- _Recorded information_:
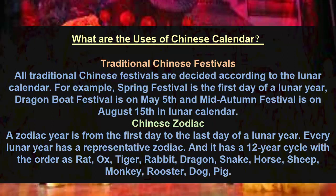Chinese Zodiac: a zodiac year is from the first day to the last day of a lunar year. Every lunar year has a representative zodiac, and it has a 12-year cycle with the order as: rat, ox, tiger, rabbit, dragon, snake, horse, sheep, monkey, rooster, dog, and pig.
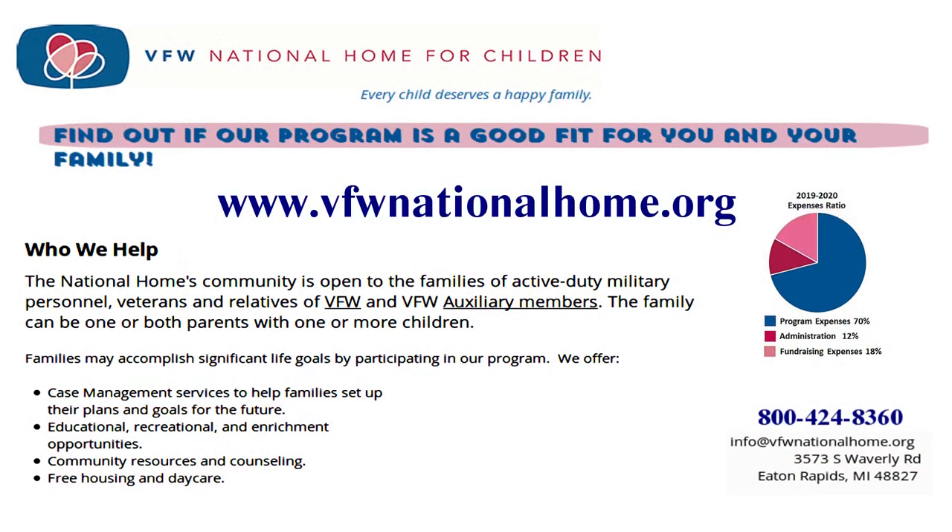The VFW National Home for Children, providing families of veterans and active duty military opportunities for growth and development in a nurturing community. Please consider a donation to help their children and families.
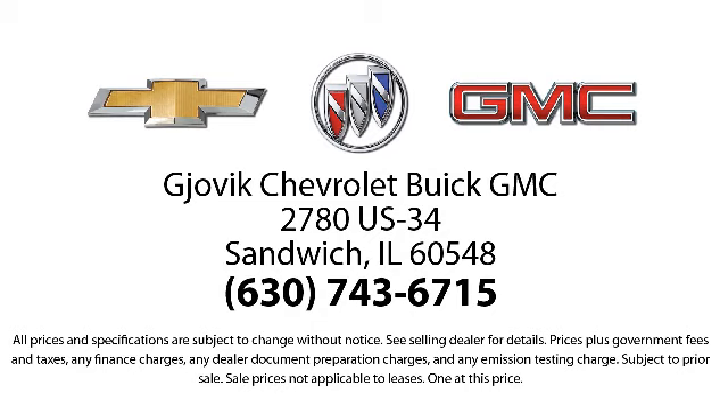Our underlying commitment and loyalty to our customers has earned us both the 50-year Chevrolet dealer award and the 25-year Buick dealer award. So stop by today and experience our friendly country atmosphere for yourself. Jovic Chevrolet Buick GMC, where we don't just sell you a car, we help you buy a car.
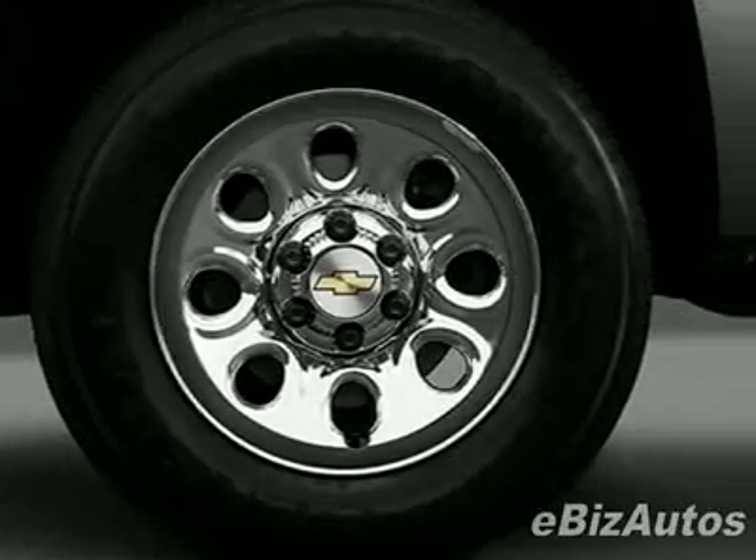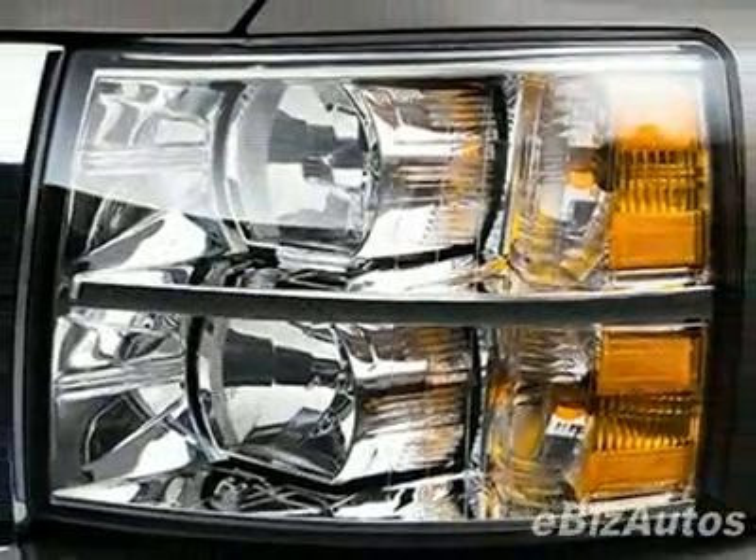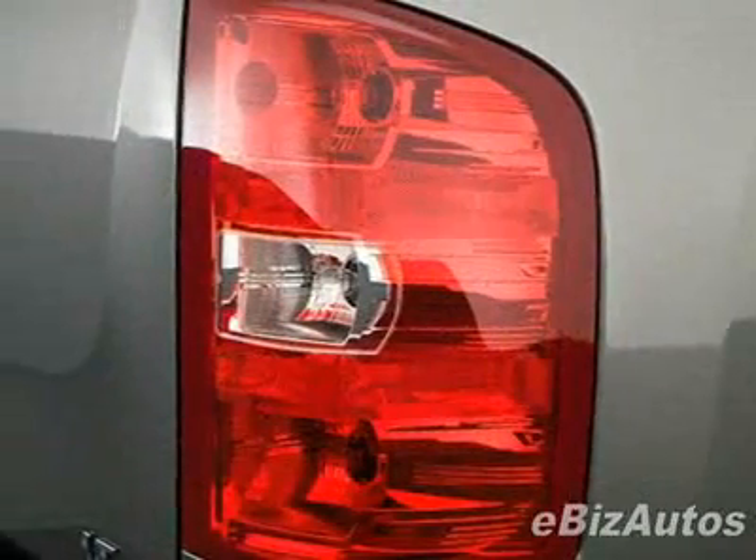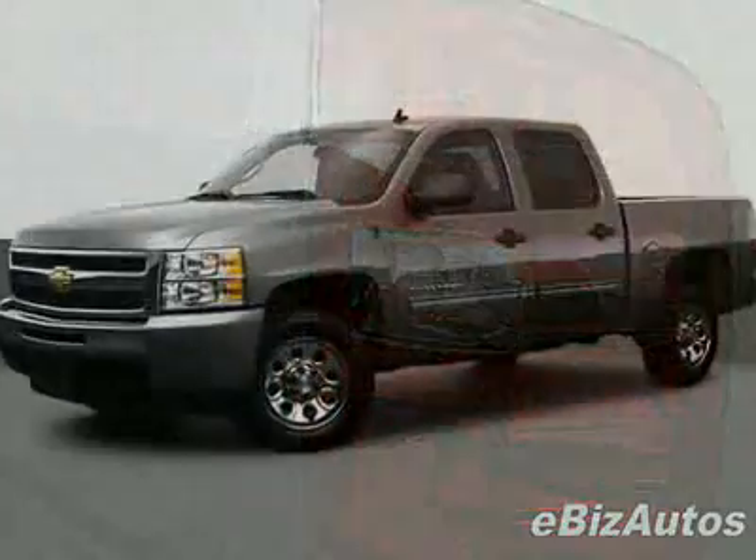This vehicle gets 14 miles per gallon in the city and 18 on the highway. This Silverado 1500 boasts a 5.3 liter V8 engine and has an automatic transmission.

- _What you have to do_:
Reproduce exactly, and only, the lines that begin at the one containing "The VFW National" and end with the final line of the data, both included, while omitting every picture.

- _Exercise result_:
The VFW National Home for Children, providing families of veterans and active duty military opportunities for growth and development in a nurturing community. Please consider a donation to help their children and families.
Our underlying commitment and loyalty to our customers has earned us both the 50-year Chevrolet dealer award and the 25-year Buick dealer award. So stop by today and experience our friendly country atmosphere for yourself. Jovic Chevrolet Buick GMC, where we don't just sell you a car, we help you buy a car.
This vehicle gets 14 miles per gallon in the city and 18 on the highway. This Silverado 1500 boasts a 5.3 liter V8 engine and has an automatic transmission.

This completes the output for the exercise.